By Cardinal Roger Mahony
text only version

There are so many memories. Like pictures forever printed in our minds and hearts: Carols, twinkling lights on freshly cut evergreens, tables laden with good food, stockings stuffed with goodies, the giving and receiving of gifts from friends, family and coworkers. All of these are part of the spirit of Christmas for most of us.

As we prepare for Christmas 2008 the signs are quite clear that this Holiday Season will be quite different for most of us. The economic crisis, not only in this country but throughout the world, has stirred up in us many fears, worries, uncertainties and anxieties. Every year we try to remember that Christmas is a celebration of the coming of God's Incarnate Love in a poor infant. Perhaps as never before, this year we have the opportunity to reframe our pictures, to purify our memories, so that we enter deeply into the core mystery of Christmas: God comes to us poor in our own poverty.

Year after year, this season provides us with the opportunity to give to others; to be more generous to those who are poor and in need. We try to deepen our commitment to live in solidarity with the poor of the earth by giving of our abundance, sharing of our surplus with those less fortunate than ourselves. But as we prepare for Christmas 2008, there is a deeper recognition that all of us --- rich, middle class, poor --- have been affected by the financial crisis wreaking havoc in the world.

We are being challenged to adopt a new frame of mind, a new understanding of Christmas, in which there is a deeper solidarity among us all.

The point of this solidarity is the poor infant who lies in a manger. In him the rich and the poor come together: kings and paupers; wise men and shepherds come to behold the gift that is given to them. And to us. All of us. Our solidarity with one another rests in this gift of God who comes poor to all of us.

This gift, God's Incarnate Love in a manger, is the only thing that rich and poor can never lose. This gift belongs to the strong and the weak, the clever and the simple. It never diminishes in value. This Love never dries up. It does not fluctuate, going up and down like Wall Street and other financial markets throughout the world. This treasure cannot be taken from any of us. In this alone is our security. Love become poor is our safety.

In these worrisome times we are reminded each day that there is no quick fix for the current economic crisis. The financial downturn will be with us and affect all of us for much longer than we might like. We must be prepared to live more simply, indeed more humbly on the world scene, than at previous times in our history. We must ready ourselves for the long haul.

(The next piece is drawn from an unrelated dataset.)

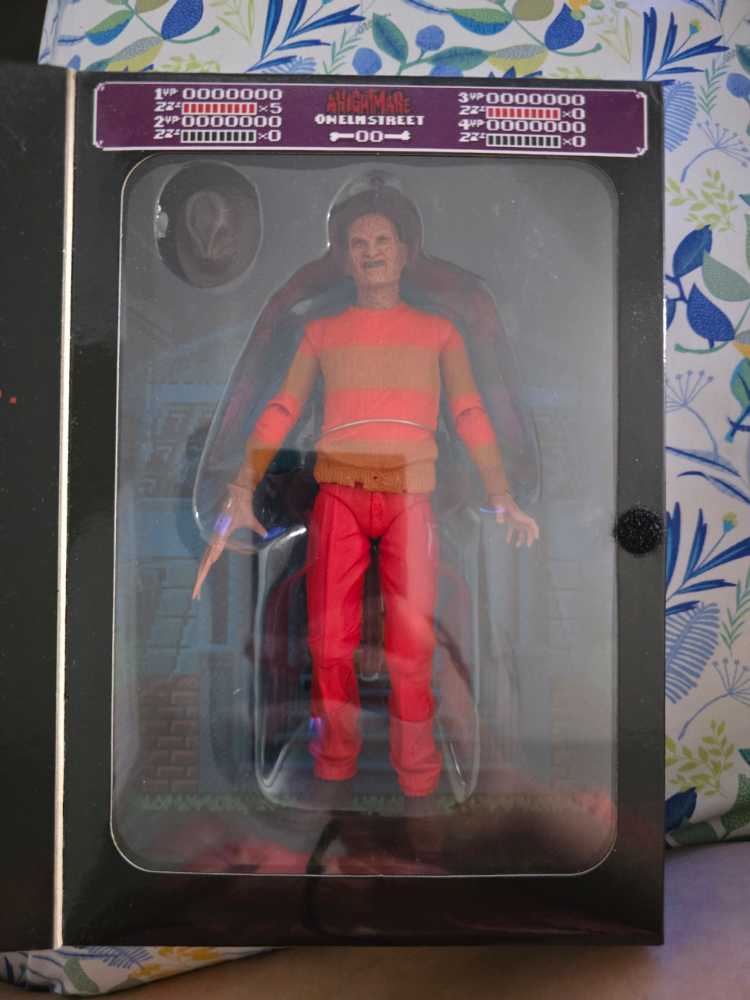 Freddy Krueger Neca Les Griffes De La Nuit Freddy Krueger Classic Figurine 18cm  vinyl figure collectible [Barcode 634482397565] - Main Image 2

For most of us, we behold and adore the poor infant during the season of Christmas. But this is only the beginning. We are to follow the poor Christ through every season of his life, even to the point where the man Jesus of Nazareth has no place to lay his head. Even animals have a place to rest. But the Jesus, Son of God and Son of Mary, does not even have a home: A manger at the beginning; no place to rest in his ministry; not even a tomb or a burial place of his own at the end of his life.

My words this Christmas are spoken as we face an economic crisis on a scale most us have not seen in our lifetime. Let us try to remember that it is not shameful to be poor. But it is hard. All of us might take some small comfort in this:

Our security, our stability, our permanence as a people does not rest in the economy of our nation, or in our national identity. Our permanence, our identity, is to be found in our shared faith in Jesus Christ and in his Gospel. He came to bring glad tidings to us in our weakness and poverty. He comes to us as a poor and vulnerable infant. This Christmas he enters our lives at our most vulnerable point.

This alone is the reason for the heart to hope this Christmas.